1. Add 0.5 x 10⁶ - 1 x 10⁶ cells to 12 x 75 mm polystyrene tubes.
2. Spin down cells at 300 x g for 10 minutes at 4°C.
3. Remove supernatant.
4. Resuspend cell pellet in 50µl of staining buffer (1X PBS / 1% FCS) containing conjugated monoclonal antibodies each at ≤1µg / 1 x 10⁶ cells (or use dilution determined by titration for optimal staining). If using biotin conjugate, always stain with this antibody first and by itself.
5. Incubate on ice 20-30 minutes.
6. Wash once (twice if not underlaying with 100% FCS) by spinning down cells, removing supernatant and adding 1ml 1X PBS / 1% FCS + 0.5ml 100% FCS underlay or add 2ml 1X PBS / 1% FCS with no underlay.
7. Spin down cells at 300 x g for 10 minutes at 4°C.
8. If using biotin conjugate, resuspend cell pellet in 50µl of staining buffer (1X PBS / 1% FCS) containing streptavidin conjugated dye plus other directly conjugated antibodies, repeat steps 6 through 8.
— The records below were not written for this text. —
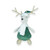 White and Green Sitting Reindeer (40cm)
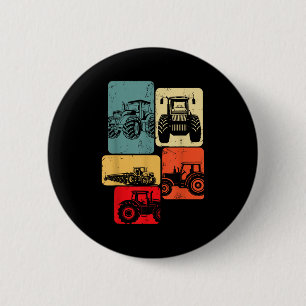 Traktoren für Kleinkinder Button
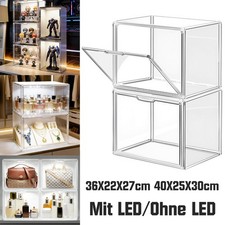 2x LED Acryl Vitrine Box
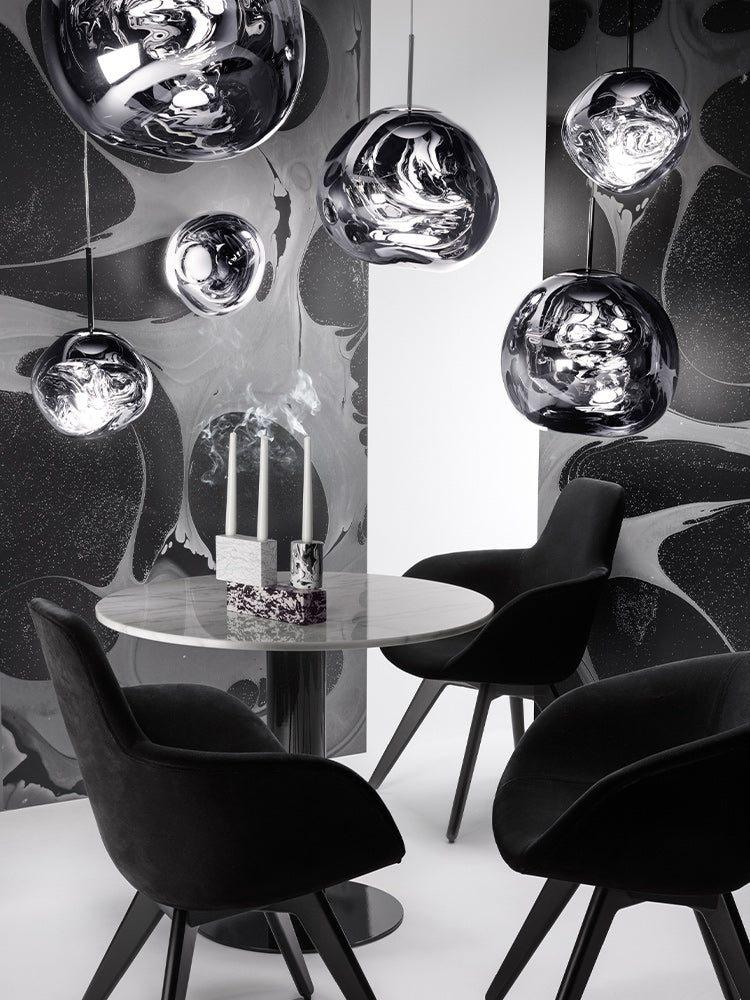 1-Light Blown Glass Suspension Pendant Light Contemporary Style Down Mini Pendant for Dining Room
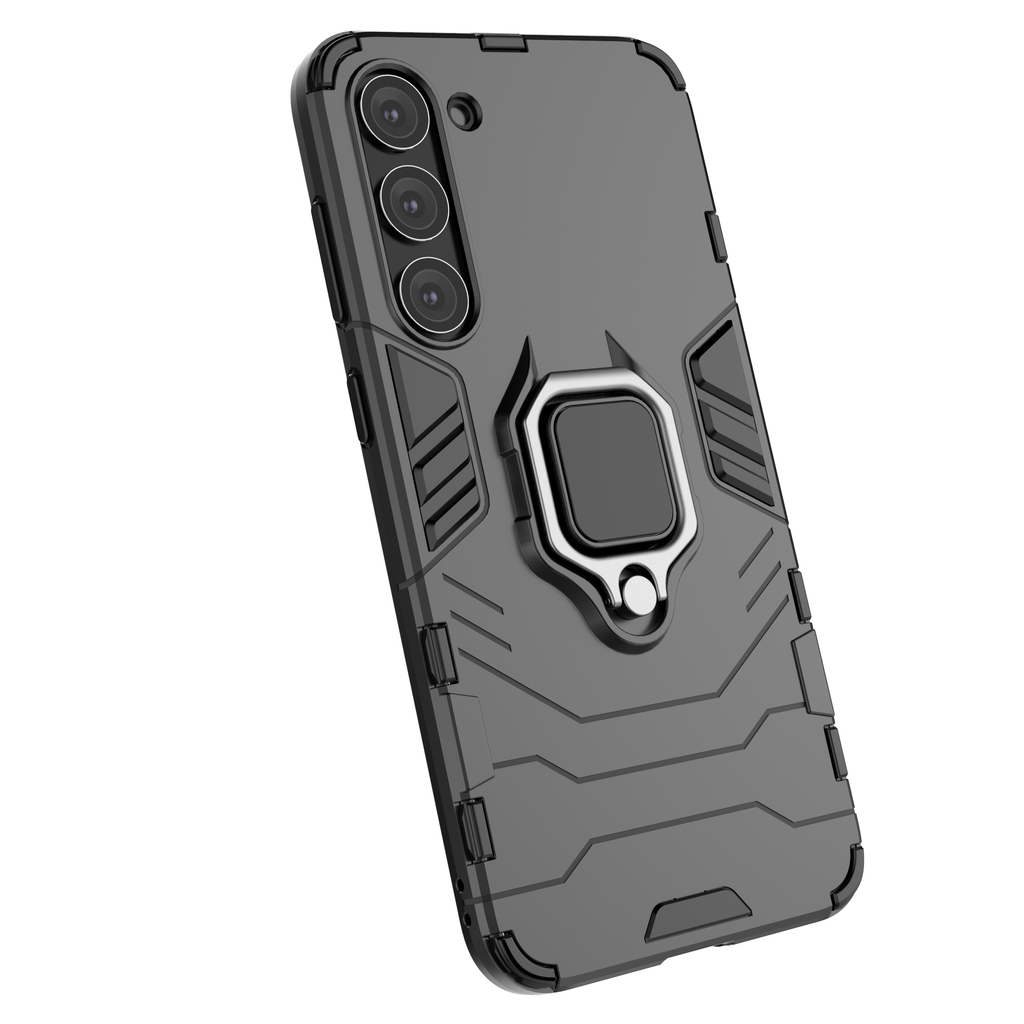 Ring Armor dėklas Samsung Galaxy S23+ – juodas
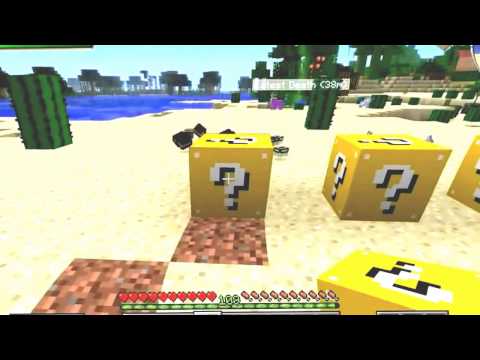 LUCKY BLOCKS BUILD FUN MOD CHALLENGE - MINECRAFT MODDED MINI-GAME!
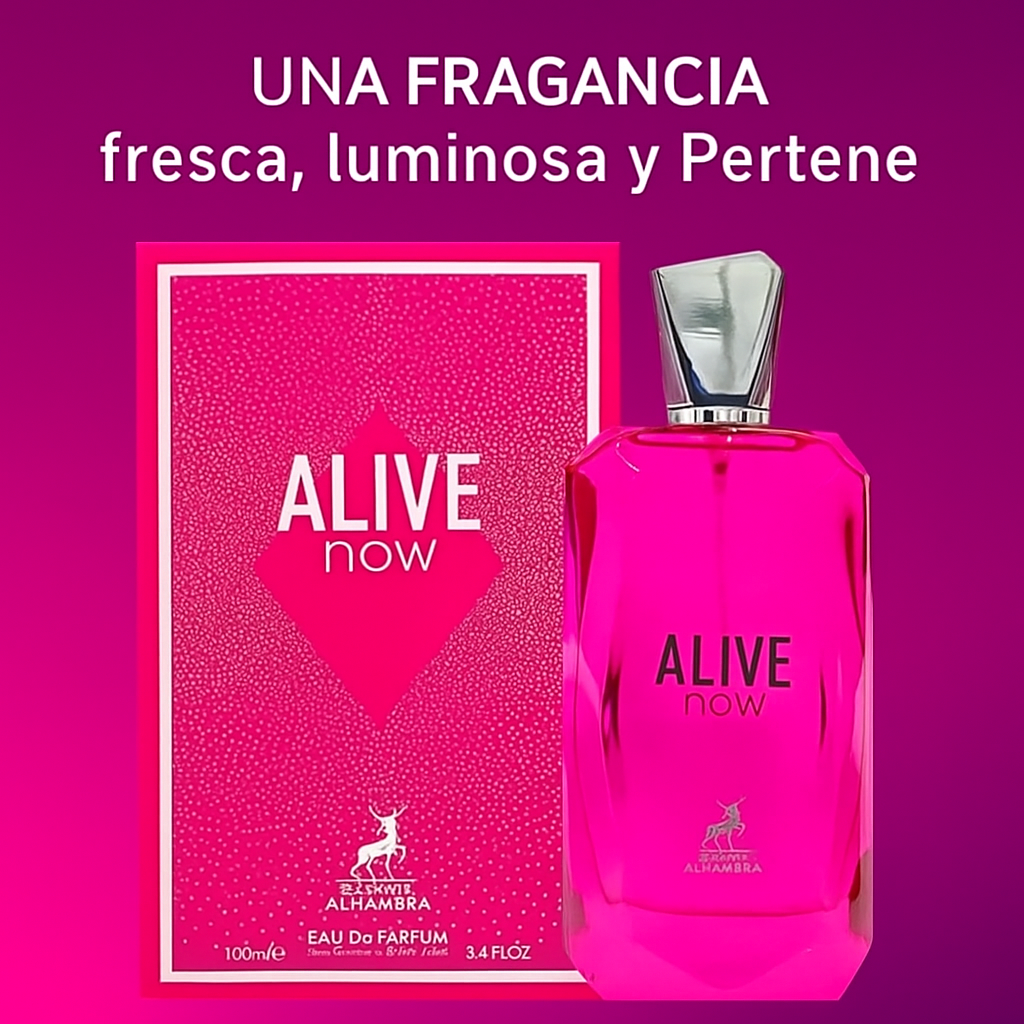 Perfumes Maison Alhambra Alive Now Edp 100 ML Mujer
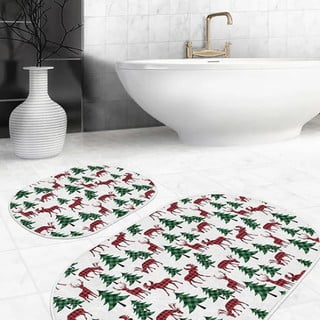 Božićni kupaonski tekstil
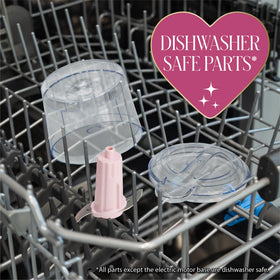 Paris Hilton 1.5-Cup Pink Chopper parts safe for top-rack cleaning
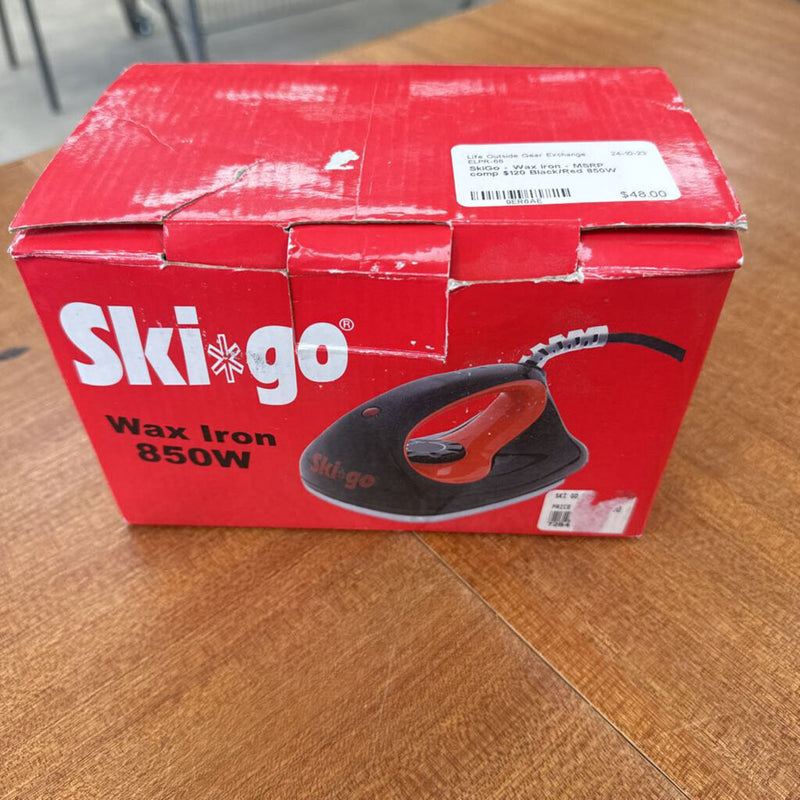 SkiGo - Wax Iron - MSRP comp $120: Black/Red--850W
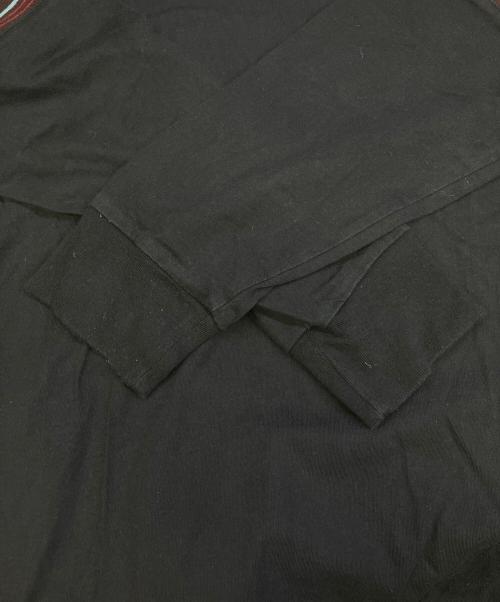 SUPREME（シュプリーム）SUPREME (シュプリーム) Knit Panel Stripe L/S Top / 長袖カットソー ブラック サイズ:Sの古着・服飾アイテム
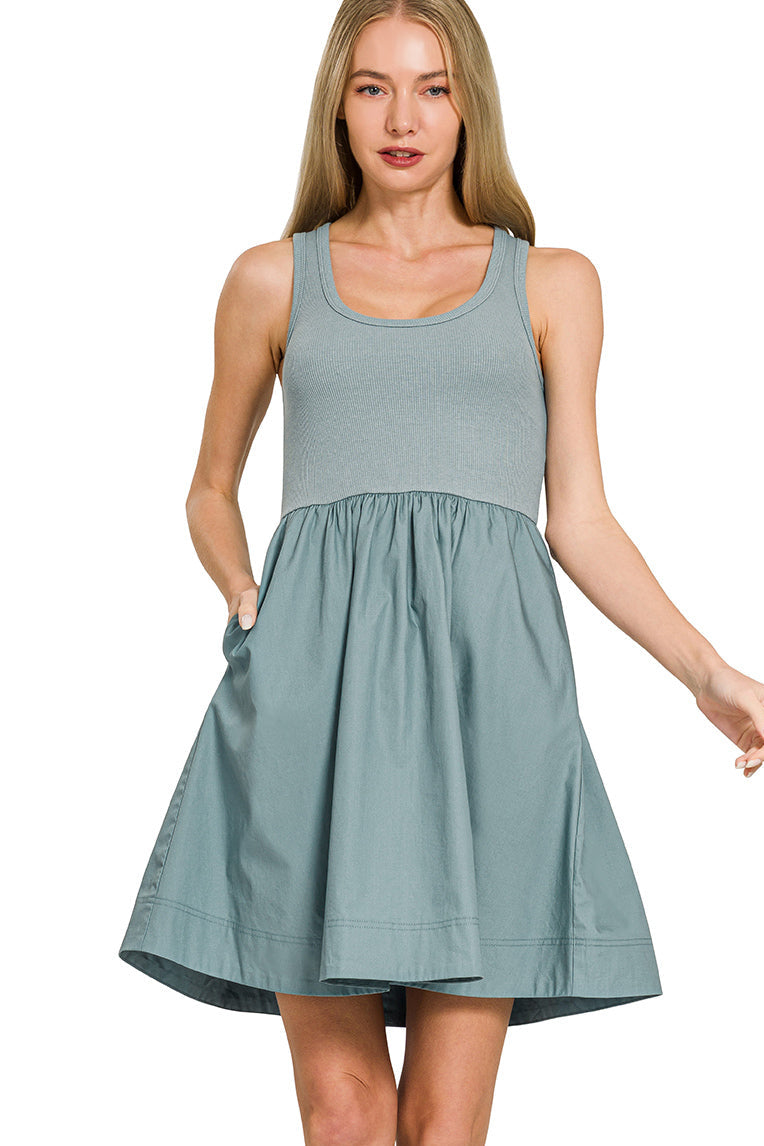 Maya Mini Dress (Blue Grey) Aspen Lace Boutique Maya Mini Dress (Blue Grey) Aspen Lace Boutique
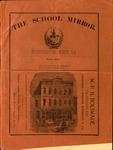 Newsletter or booklet "The School Mirror," by Cabell County Schools, May, 1891, b&w.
9. Resuspend cell pellet in 300µl of tissue culture media, Hank's Buffered saline, 1X PBS or formaldehyde fixative (analyze unfixed cells on the same day).
10. An unstained sample or negative Ig control and single stained samples for each conjugated dye are also necessary for setting up the flow cytometer. (See Suggestions for Successfully Running Samples)

Note: Bovine Serum Albumin (BSA) may be substituted for Fetal Calf Serum (FSC). Propidium Iodide can be added to unfixed stained cells to differentiate live from dead cells.